The required output is a verbatim transcription of the listing, pictures excluded.

> _Exercise data_:
[Start of Attachment]

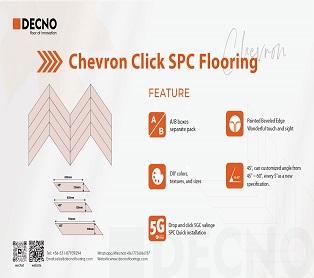 DECNO | Chevron SPC Flooring Creates More Value For Brands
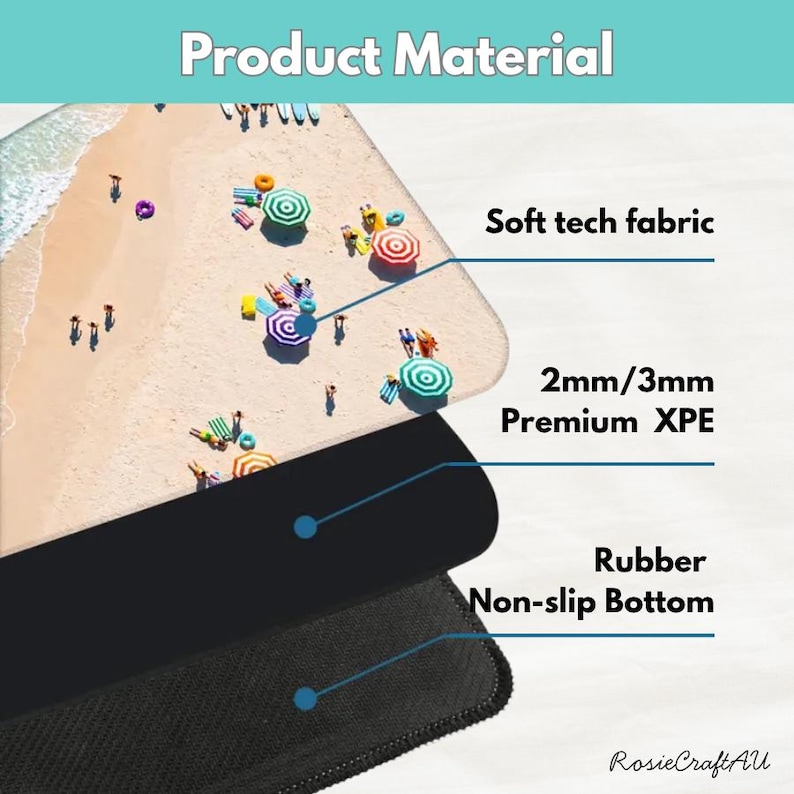 May include: A multi-layered mat featuring a top surface with an aerial beach scene, including sand, ocean waves, and colorful umbrellas. The diagram labels the layers as soft tech fabric, 2mm/3mm premium XPE, and a black rubber non-slip bottom.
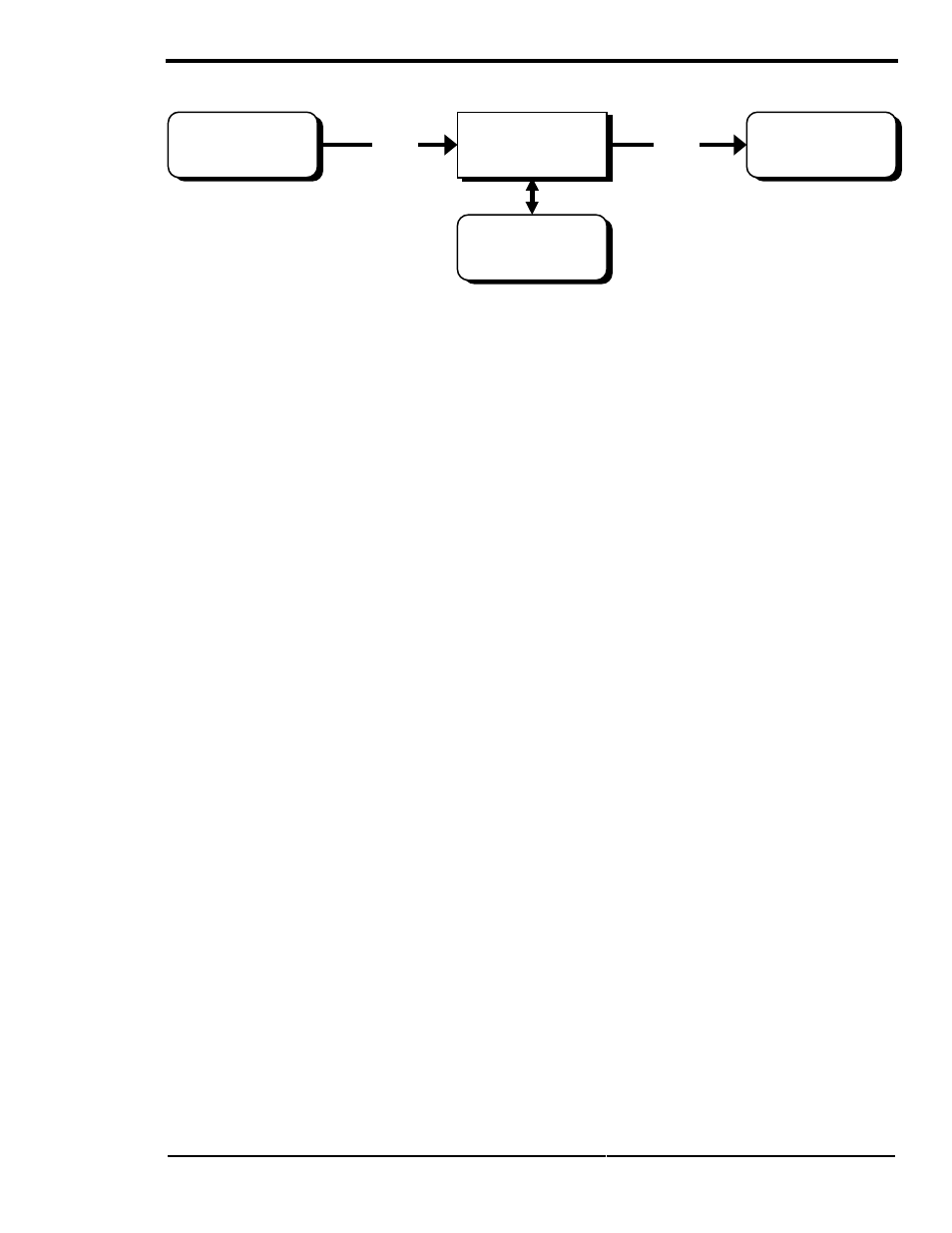 Operation, Generator support mode | Xantrex Technology SW Series User Manual | Page 79 / 152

[End of Attachment]

> _Worked solution_:
 DECNO | Chevron SPC Flooring Creates More Value For Brands
 May include: A multi-layered mat featuring a top surface with an aerial beach scene, including sand, ocean waves, and colorful umbrellas. The diagram labels the layers as soft tech fabric, 2mm/3mm premium XPE, and a black rubber non-slip bottom.
 Operation, Generator support mode | Xantrex Technology SW Series User Manual | Page 79 / 152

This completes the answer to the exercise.